One fraught area is personal style.

“I had to share with a resident, ‘that outfit is not suitable for work,’” Dr. Serwint said. “We didn’t have a dress code, but several people had mentioned it — she left in a huff, saying we were so conservative.” A few years later, that same former resident came to her office to tell her that she had had to deliver the same message to one of her own trainees, “and she understood how hard it was.”

And patients may also make comments that doctors in training (or out of training) find hurtful or offensive. “At some level, the physician needs to have the bigger shoulders,” Dr. Rosenthal said. “The patients are stressed.”

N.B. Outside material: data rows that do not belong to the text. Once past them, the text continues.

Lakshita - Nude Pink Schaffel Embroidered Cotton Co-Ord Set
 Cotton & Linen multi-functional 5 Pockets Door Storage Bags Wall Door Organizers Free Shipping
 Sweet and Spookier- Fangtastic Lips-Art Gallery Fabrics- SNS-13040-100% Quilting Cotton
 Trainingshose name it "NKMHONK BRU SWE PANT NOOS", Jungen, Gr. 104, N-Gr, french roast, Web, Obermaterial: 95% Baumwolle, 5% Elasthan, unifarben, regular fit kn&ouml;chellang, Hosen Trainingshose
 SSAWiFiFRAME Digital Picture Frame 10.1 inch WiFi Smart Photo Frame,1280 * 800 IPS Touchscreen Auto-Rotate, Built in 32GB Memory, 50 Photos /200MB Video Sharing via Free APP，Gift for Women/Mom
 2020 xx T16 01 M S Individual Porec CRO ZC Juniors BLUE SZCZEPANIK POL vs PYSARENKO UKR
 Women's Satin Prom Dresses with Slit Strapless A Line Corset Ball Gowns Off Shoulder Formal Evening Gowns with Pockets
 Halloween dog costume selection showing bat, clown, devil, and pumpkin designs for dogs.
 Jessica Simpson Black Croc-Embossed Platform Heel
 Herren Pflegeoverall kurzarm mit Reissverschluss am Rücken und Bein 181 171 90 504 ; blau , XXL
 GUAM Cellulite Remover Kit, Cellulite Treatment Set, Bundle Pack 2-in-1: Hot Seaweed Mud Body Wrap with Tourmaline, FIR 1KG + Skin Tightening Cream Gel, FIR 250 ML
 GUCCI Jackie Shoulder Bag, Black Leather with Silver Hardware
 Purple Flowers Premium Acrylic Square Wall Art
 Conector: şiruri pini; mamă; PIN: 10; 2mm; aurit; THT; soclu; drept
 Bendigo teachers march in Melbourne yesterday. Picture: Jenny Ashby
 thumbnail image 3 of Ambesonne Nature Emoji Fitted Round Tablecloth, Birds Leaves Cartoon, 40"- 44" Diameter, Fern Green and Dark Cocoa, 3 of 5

But medical practice brings you up against complicated and difficult issues, from sexual practices to poverty, from child abuse to death, and we have to teach — and evaluate — in all of those domains.

“I’m interested in looking at medical education as a moral education,” Dr. Kumagai said. “We talk about medical ethics, but we often don’t talk about the development of a moral orientation to the world.” We have to look at medical education as encompassing more than a training in skills, he said, but also as how students come to understand “what it means to practice medicine with excellence, compassion and justice.”

In a previous position where she was doing adolescent medicine, Dr. Gold said, she had experiences with medical students who said they had religious objections to advising pregnant patients about the possibility of terminating pregnancies.

“We weren’t forcing them,” Dr. Gold said. “We told them that if they were unable to do the kind of options counseling we felt was the standard of care, we wanted them to stay in the room and hear, and they didn’t want to.”